Mack set the world record in the long jump, and later faced down his family's past by becoming an activist against street crime in Pasadena. He raised money for a statue of Jackie outside UCLA's baseball stadium, which is named for Jackie. He died in 2000, at the age of 85.

Jackie followed Mack to Pasadena City, and moved on to the University of California at Los Angeles. His best sport was football, and was one of the best running backs on the West Coast. His next-best sport was basketball, although this was before John Wooden arrived at UCLA and they started winning all those National Championships. Baseball was only his 3rd-best sport. He also played tennis there -- a rarity for black people at the time -- and became the first 4-sport letterman in UCLA history.
He did not graduate from UCLA, leaving with one semester to go, because he had used up all his athletic ability. But the fact that he had played on, and against, integrated teams proved to be very important later on.

It was at UCLA in 1941 that Jackie met Rachel Isum, 3 years younger and a nursing student. They were engaged in 1943, and married in 1946. The fact that Jackie was engaged when Branch Rickey contacted him was also crucial.

Jackie had the idea of becoming a teacher, coach, and/or athletic director at a high school for black kids. But first, like a lot of college athletes, he didn't want to be done with sports. The minor-league Honolulu Bears needed baseball players, and he played there for a while. He got on a ship at Honolulu's Pearl Harbor on December 5, 1941, intending to play football for the minor-league Los Angeles Bulldogs. Two days later, the Japanese bombed Pearl Harbor, putting the kibosh on Jackie's plans.

By the time that Jackie's ship reached California, war had been declared. He enlisted, and while he was at Fort Riley in Kansas (where later baseball star Johnny Damon was born), he and some other black soldiers applied to Officers' Candidate School. They waited for 3 months without hearing if they were accepted.

Heavyweight Champion Joe Louis was transferred to Fort Riley, and these soldiers told him what was happening -- or, rather, what was not happening. Joe made some calls, and the black soldiers were accepted as 2nd Lieutenants.

Lt. Jack Robinson was assigned to the 761st Tank Battalion, an all-black unit known as the Black Panthers, headquartered at Fort Hood, in the segregated State of Texas. There, he became the Rosa Parks of the U.S. Army. Seriously. And this was 11 years before anybody ever heard of Rosa Parks.
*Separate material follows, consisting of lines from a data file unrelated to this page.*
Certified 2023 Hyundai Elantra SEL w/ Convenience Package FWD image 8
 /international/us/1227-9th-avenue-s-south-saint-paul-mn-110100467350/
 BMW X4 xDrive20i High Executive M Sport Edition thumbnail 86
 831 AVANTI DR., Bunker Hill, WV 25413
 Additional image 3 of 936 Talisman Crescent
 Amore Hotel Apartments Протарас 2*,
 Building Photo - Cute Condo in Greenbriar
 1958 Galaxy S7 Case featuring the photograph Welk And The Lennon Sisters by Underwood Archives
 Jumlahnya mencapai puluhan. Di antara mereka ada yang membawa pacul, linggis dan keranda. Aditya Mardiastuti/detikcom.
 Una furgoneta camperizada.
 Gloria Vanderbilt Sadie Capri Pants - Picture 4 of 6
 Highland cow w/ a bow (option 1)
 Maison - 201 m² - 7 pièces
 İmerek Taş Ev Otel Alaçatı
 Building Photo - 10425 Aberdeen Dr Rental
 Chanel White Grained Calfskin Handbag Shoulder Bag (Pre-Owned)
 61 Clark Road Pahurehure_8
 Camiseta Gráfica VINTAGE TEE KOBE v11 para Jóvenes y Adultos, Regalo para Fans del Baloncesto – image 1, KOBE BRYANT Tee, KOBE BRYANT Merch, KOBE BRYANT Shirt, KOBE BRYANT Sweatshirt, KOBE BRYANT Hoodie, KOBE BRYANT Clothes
On July 6, 1944, Lt. Robinson boarded an Army bus. The driver ordered him to move to the back of the bus. He refused. The driver seemed to let it go, but upon arriving at Fort Hood, he told the military police, and they arrested Jackie. Jackie was court-martialed for insubordination.

This prevented him from being sent overseas with the 761st, meaning he never saw combat. An all-white panel of 9 officers acquitted him of the charges, since the Army is a federal government institution, and federal law supersedes State law, and thus the driver had no authority to order him to the back of the bus.

So even if Jackie had never played professional sports, he still had a story that had to be told. And it was: In 1990, Andre Braugher starred in the TV-movie The Court-Martial of Jackie Robinson, with Ruby Dee playing Jackie's mother -- 40 years after she'd played Rachel in The Jackie Robinson Story, in which Jackie played himself.

*

After his acquittal, Jackie was transferred to Camp Breckinridge, Kentucky (also in the South), and served there until being discharged in November 1944. While there, he coached the camp's sports teams, and in so doing met a player from the Kansas City Monarchs of the Negro American League. On the advice of this player (whose name I can't seem to find), he wrote to Monarchs co-owner Thomas Baird, asking for a tryout.

While waiting for word on his tryout, Jackie began what he thought was, and hoped would be, his coaching career, as basketball coach and athletic director at Samuel Huston College (not "Sam Houston"), an all-black school in Austin, Texas, affiliated with the United Methodist Church. It is now known as Huston-Tillotson University, and open to students of all races and affiliations. Among his players was Marques Haynes, who would later star with the Harlem Globetrotters.

The Monarchs did offer Jackie a tryout, and accepted a contract for $400 a month -- about $5,700 in today's money. He played shortstop, and was good enough to appear in the 1945 Negro League All-Star Game. But he didn't like the clowning and gambling that Negro League players liked to do.

Kenesaw Mountain Landis, a former federal judge who was appointed the first Commissioner of Baseball, was completely opposed to reintegrating the game, over which an unofficial "color bar," "color barrier," "color line," whichever metaphor you want to use, had stood since 1887. It would never have happened in his lifetime. He died on November 25, 1944.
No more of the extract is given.